US Treasury yields peaked early in the month, falling first on news of weaker-than-expected job growth in the August employment report.

In the wider economy the dataflow has continued to be fairly positive. Whatever about the most recent employment data, consumer confidence remains firm in the US, slightly lower in September than August but still much stronger than earlier in the year. Business sentiment remains positive, with the ISM Manufacturing Index hitting a 28 month high of 55.7 in August.

The improvement in European data continued. The Ifo survey in Germany rose again in September, suggesting an acceleration in growth in the third quarter. This was echoed in eurozone wide data. In the UK, unemployment fell to 7.7% in the three months to July from 7.8% in the preceding period.

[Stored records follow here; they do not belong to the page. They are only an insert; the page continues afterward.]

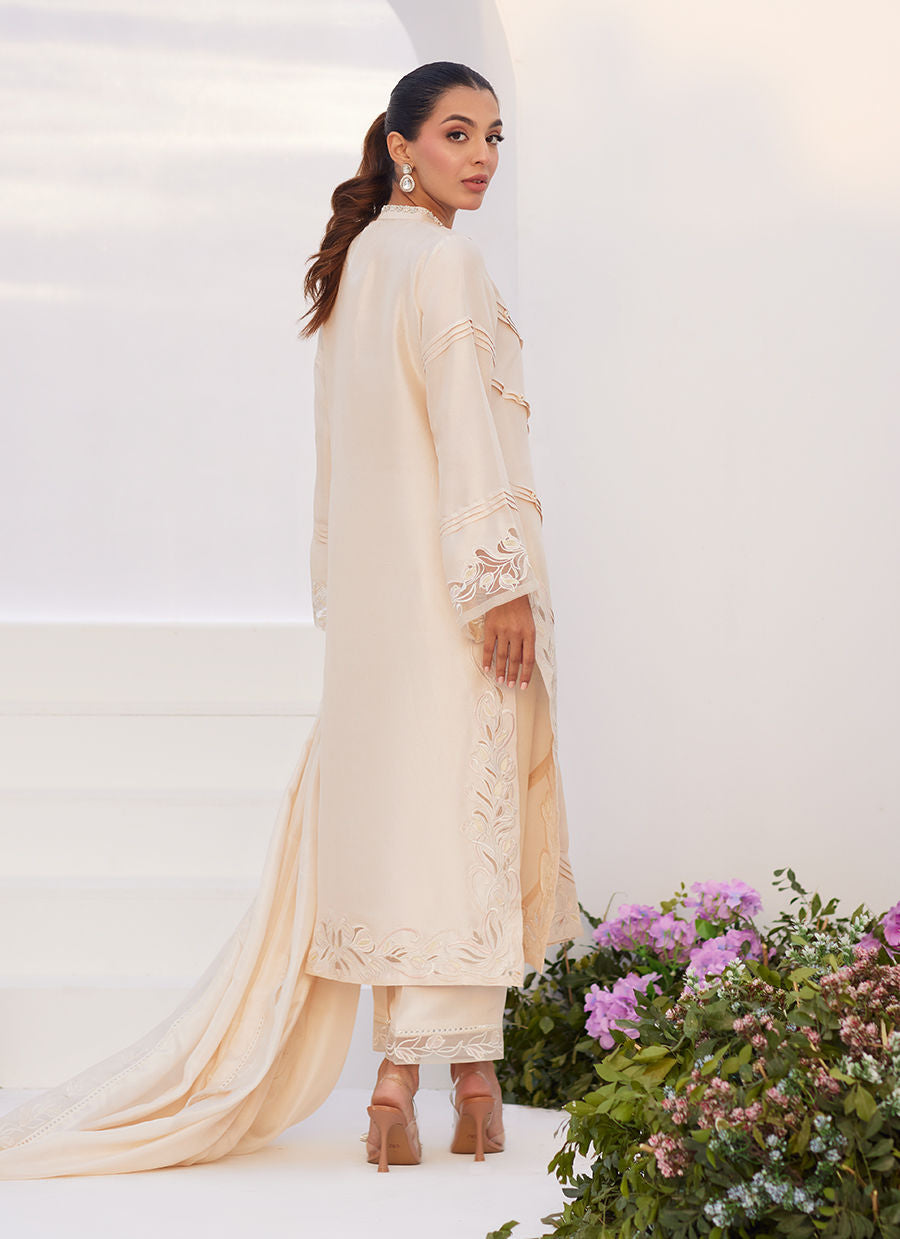 Farah Talib Aziz | Zaza Luxe Pret 24 | TISELE IVORY PLEATED RAW SILK SHIRT AND DUPATTA - Libasekhas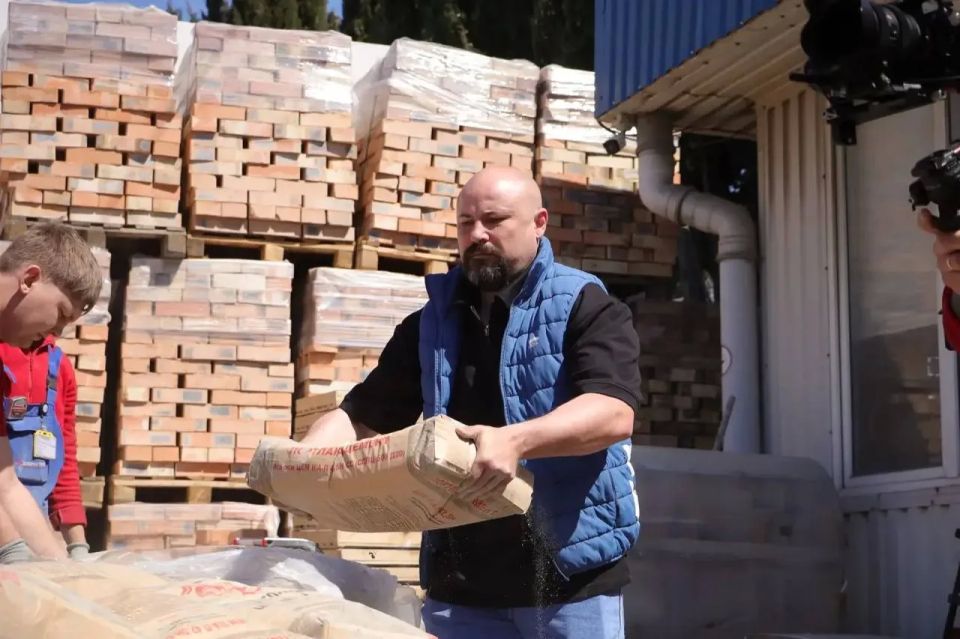 Сегодня из Севастополя отправили более 5 тонн гуманитарной помощи в Дагестан Сегодня из Севастополя отправили более 5 тонн гуманитарной помощи в Дагестан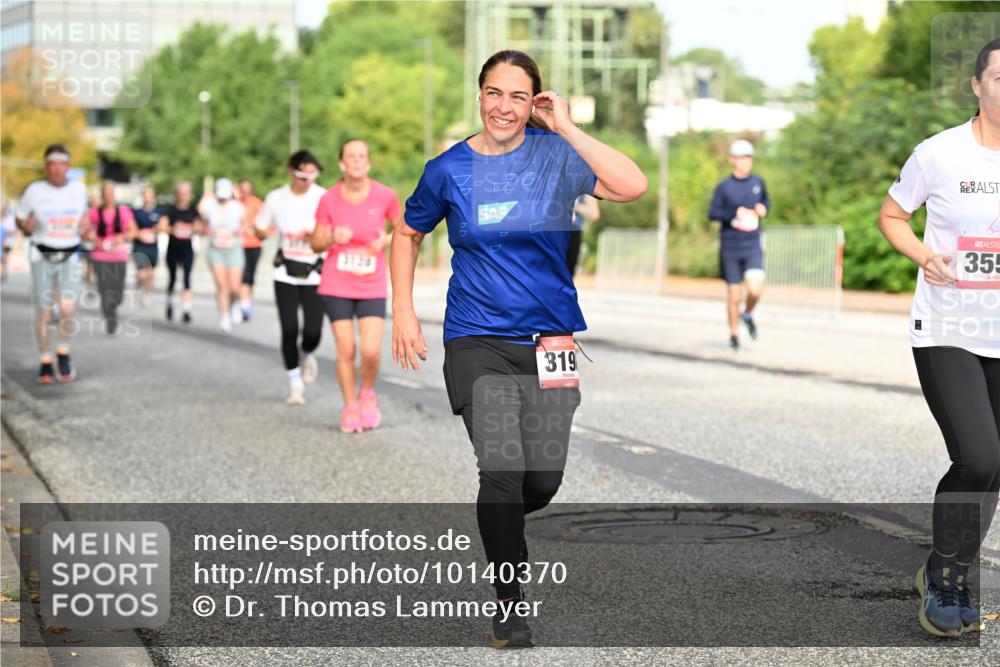 06.09.2026 - CURREX Alsterlauf Dr. Thomas Lammeyer http://msf.ph/oto/10140370 06.09.2026 10:08:11 Laufen 3126, 319, 355 meine-sportfotos.de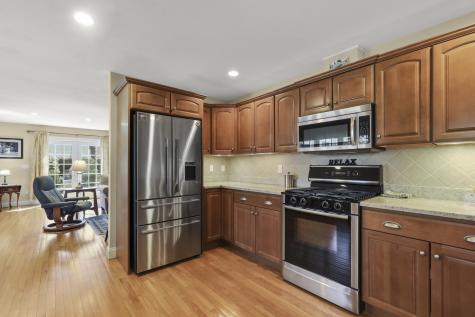 31 Hillside Avenue Falmouth MA 02556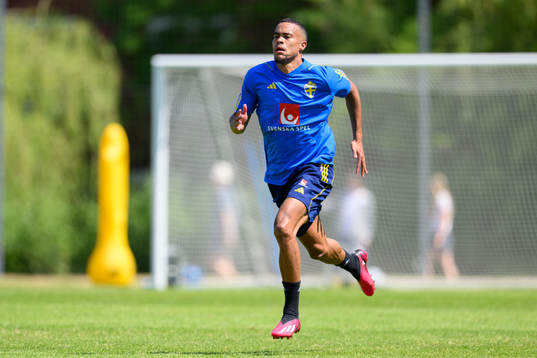 Robin Quaison of the Swedish national football team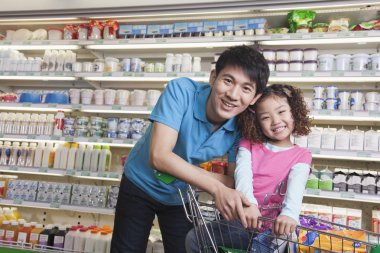 Baba ve kızı süpermarkette alışveriş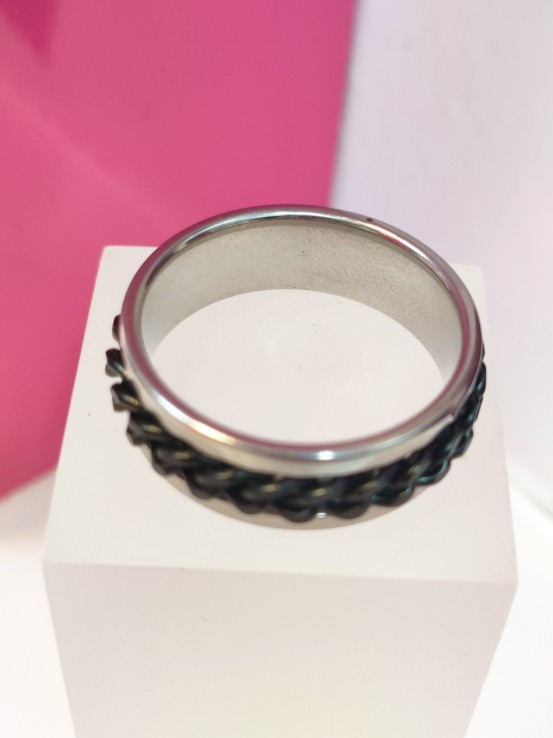 6-9-75812-1-Anillo acero plateado con diseño de cadena negra en el centro giratoria T24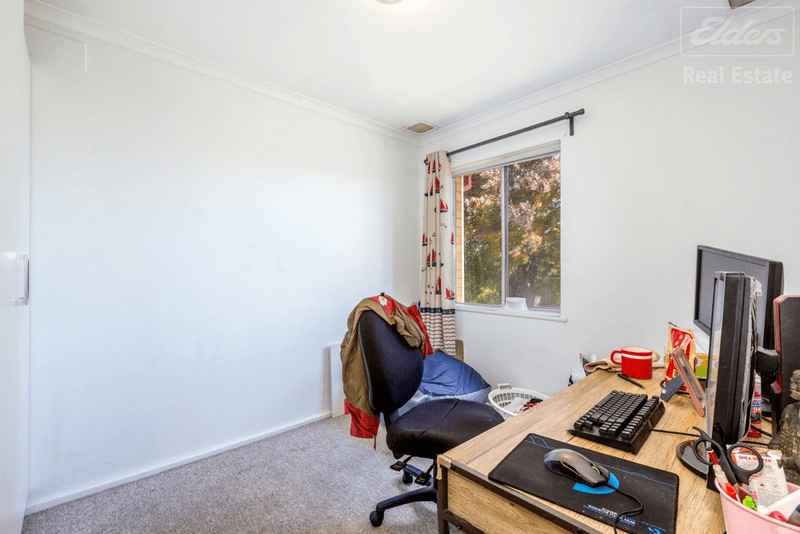 2/56 Atkinson Street, QUEANBEYAN, NSW 2620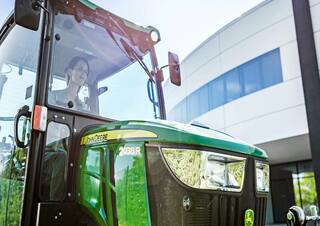 Vehicule Vehicule municipale multifuncționale diesel John Deere 2038 R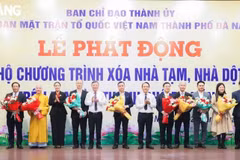 En un evento de recaudación de fondos para la campaña de eliminación de viviendas precarias, celebrado en Da Nang en enero de 2025. (Foto: VNA)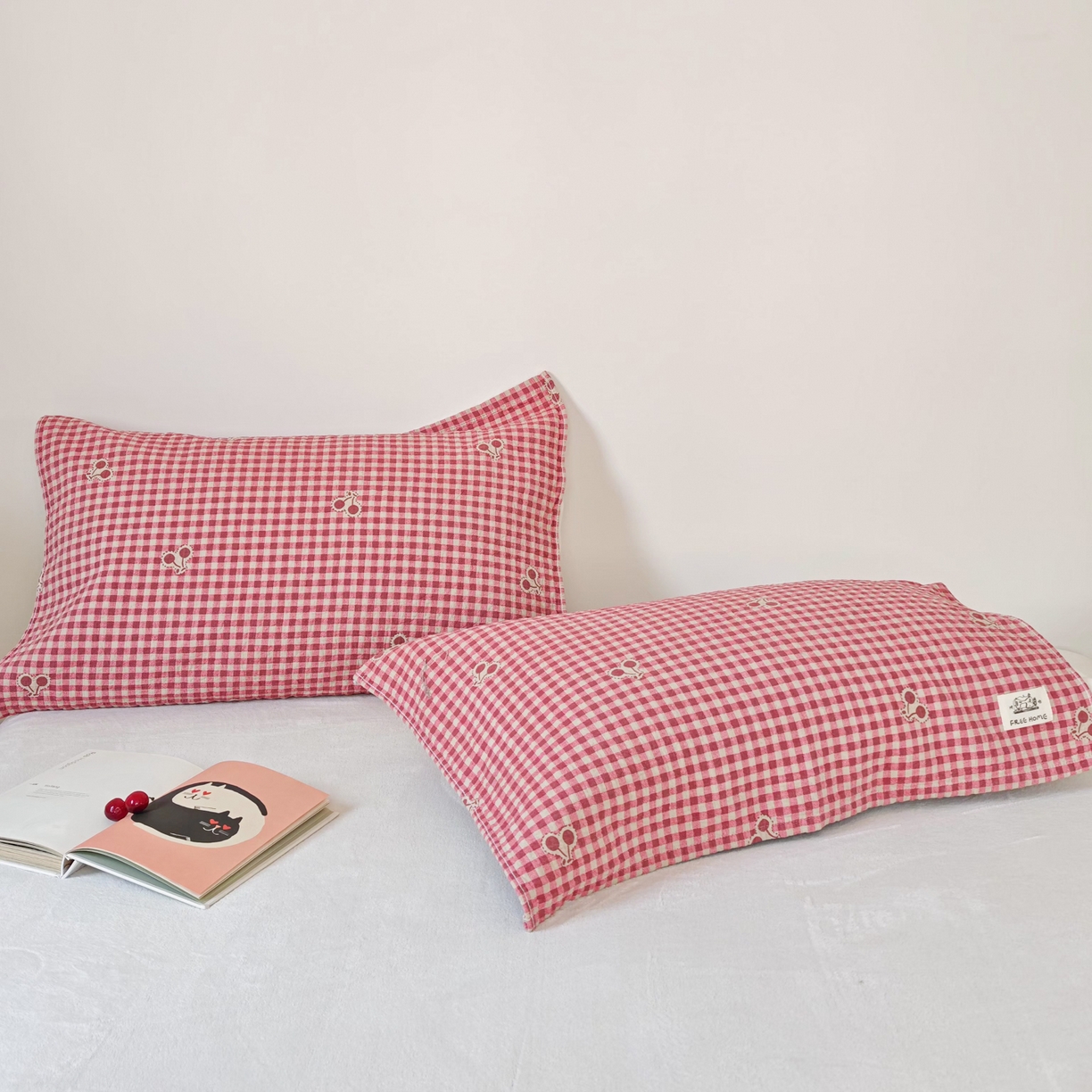 91家纺网 家纺一手货源 找家纺 沐瑟家纺  2026新款安心棉纯棉纱布枕巾 格子樱桃红
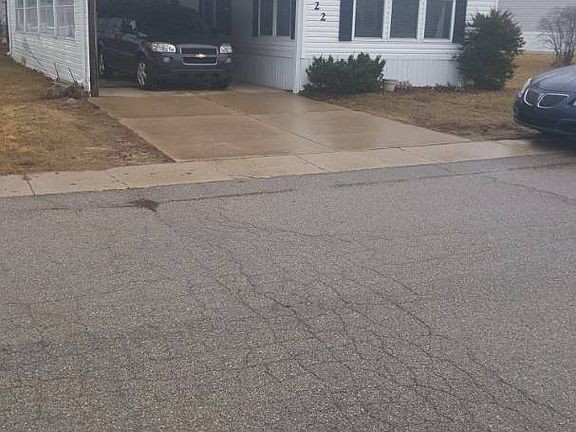 4th image of 822 Pinecreek
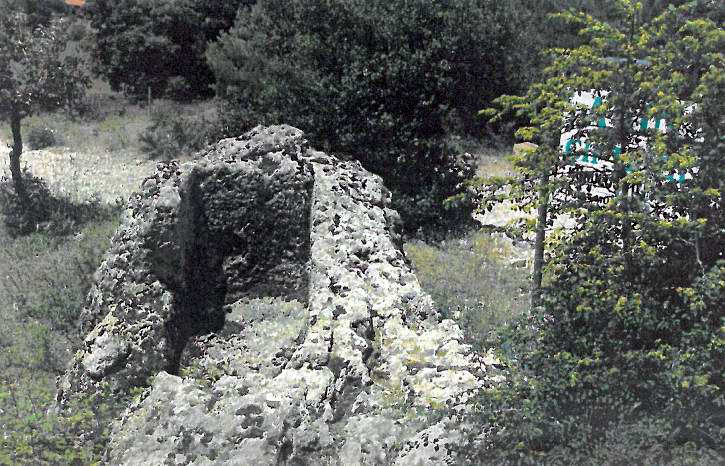  Bayramiç’te Tarihi Kaya Mezarı Bulundu 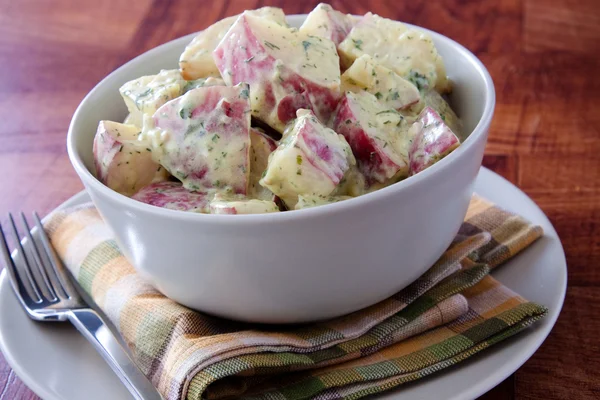 Roter Dijon-Kartoffelsalat — Stockfoto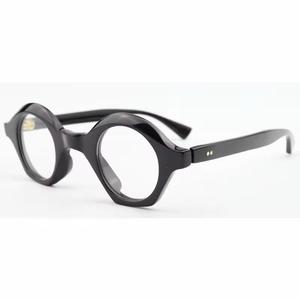 Lunettes rectangulaires en corne faites à la main, design artisanal naturel d'Uttar Pradesh, thème animalier, objet de collection HASAN CRAFT HC-0001 - Product Image 3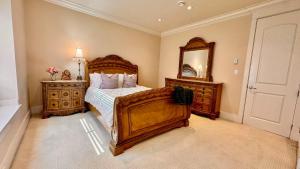 Unique Queen BR • Private Bath Free parking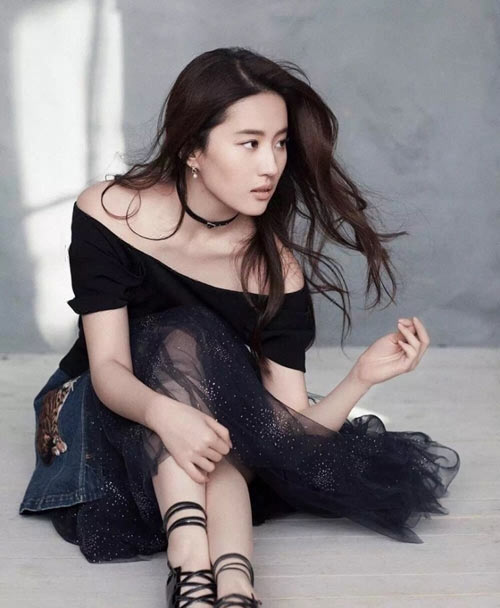 유역비 세련된 이미지로 잡지 표지 장식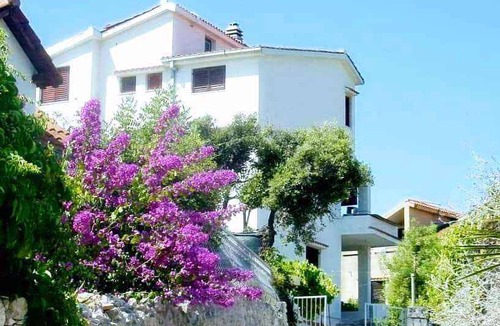 Sevid Apartment | Holiday apartment 40 m from the beach and with 2 bathrooms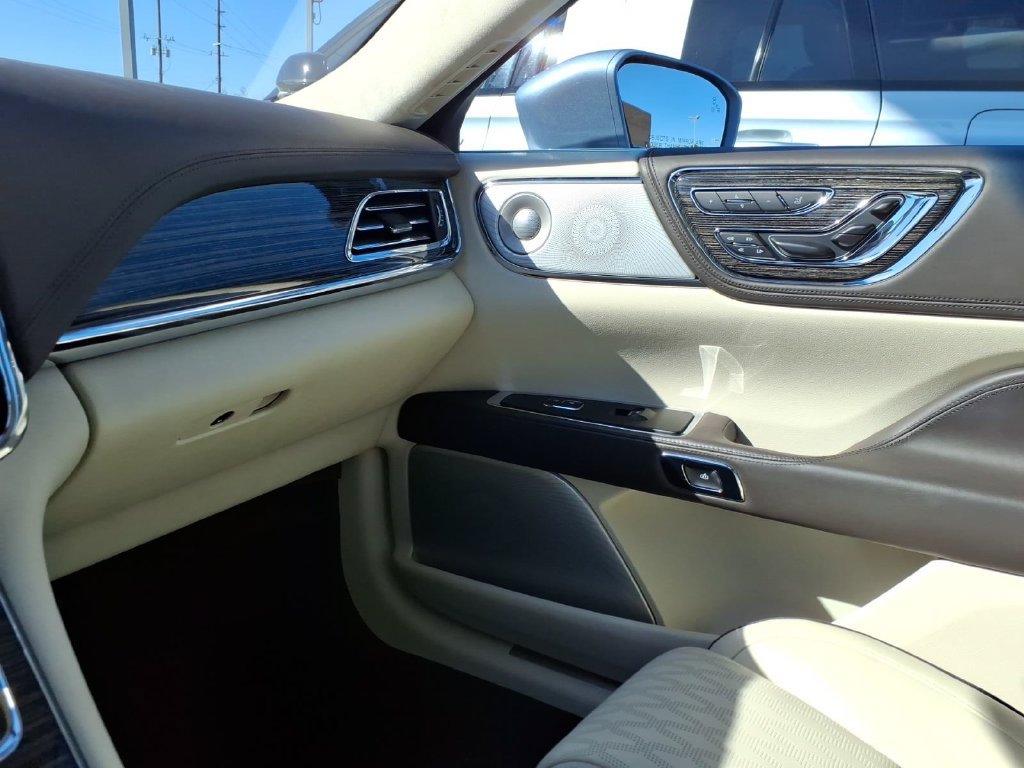 Used 2019 Lincoln Continental Black Label w/ Rear Seat Package AWD/4WD image 63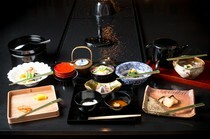 東京十月_傳統的茶懷石料理與店主親自款待的茶水「料理長特選 禪 -ZEN - 茶懐石套餐」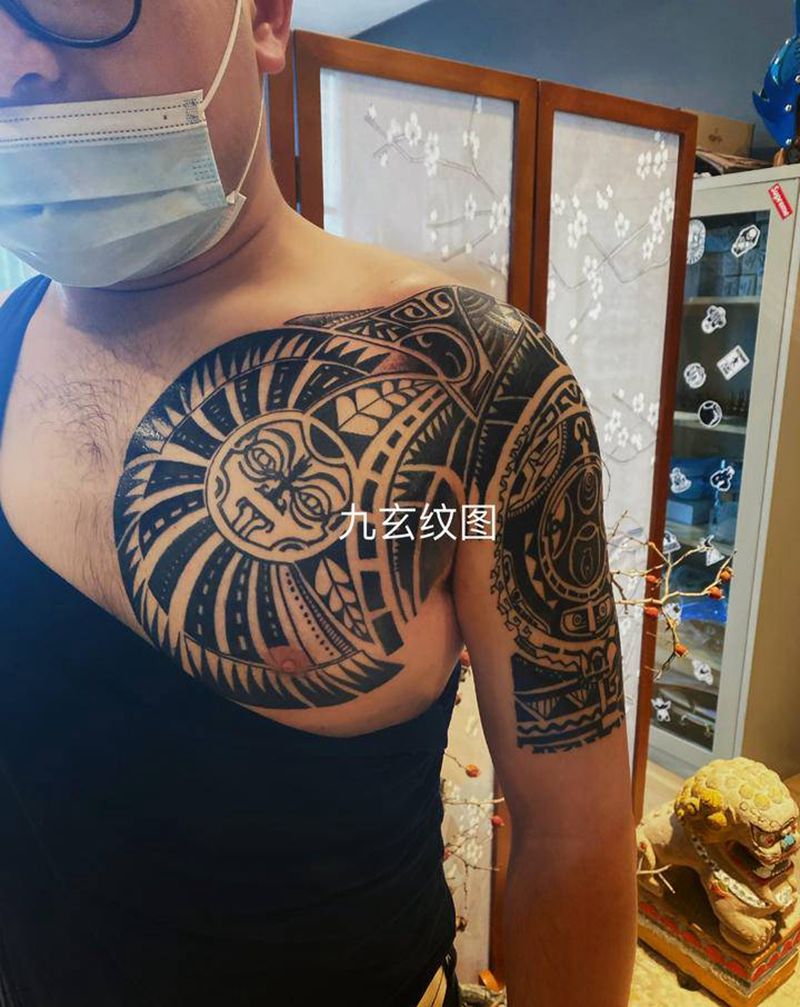 玛雅图腾纹身图片_胸部手臂图腾纹身图案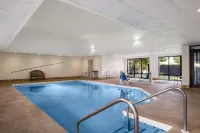 AmericInn by Wyndham Madison West - Pools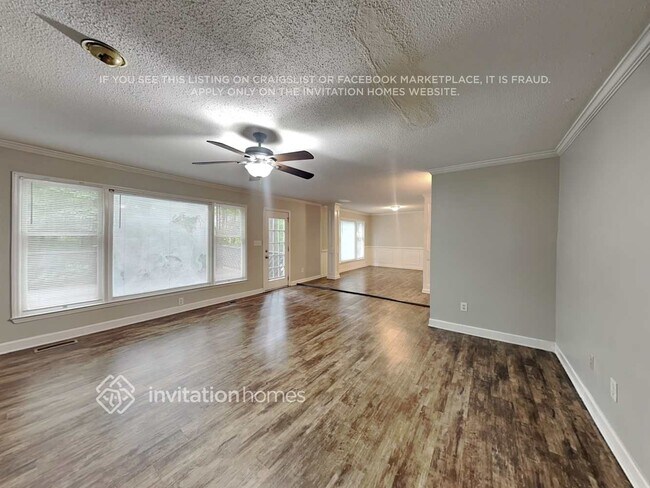 Foto del edificio - 1611 Plantation Trail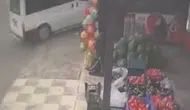 Elazığda kontrolden çıkan minibüs bir evin bahçesine daldı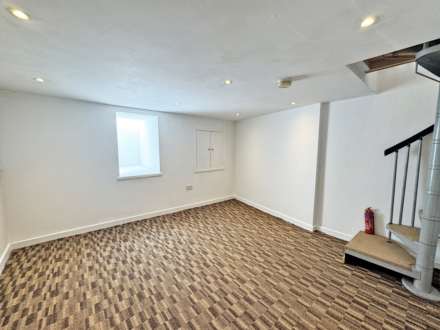 Ripponden Road, Watersheddings, Image 19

Having risen to 3%, the yield of the 10-year Treasury closed September at 2.61%, a fall of 17 basis points for the month. Gilts and bunds broadly reflected the Treasury market, with yields falling on the Fed’s decision to postpone tapering. Bunds were also boosted by political instability in Italy.

An expected exception

According to data from Merrill Lynch, Treasuries had a total return of 0.8%, compared to 0.7% for bunds and 0.8% for gilts, in local currency terms.

Italian government bonds underperformed other eurozone peripherals, returning -0.1%. Corporate bonds performed approximately in line with governments, with lower credit quality categories outperforming, helped by their higher yields.

Sterling investment grade corporates returned 0.9%, with BBB returning 1.1%. Financials outperformed, with subordinated bank debt among the strongest areas of the market.

With reduced expectations for US monetary tightening, the dollar was weak, falling 4.4% against sterling and 2.3% against the euro.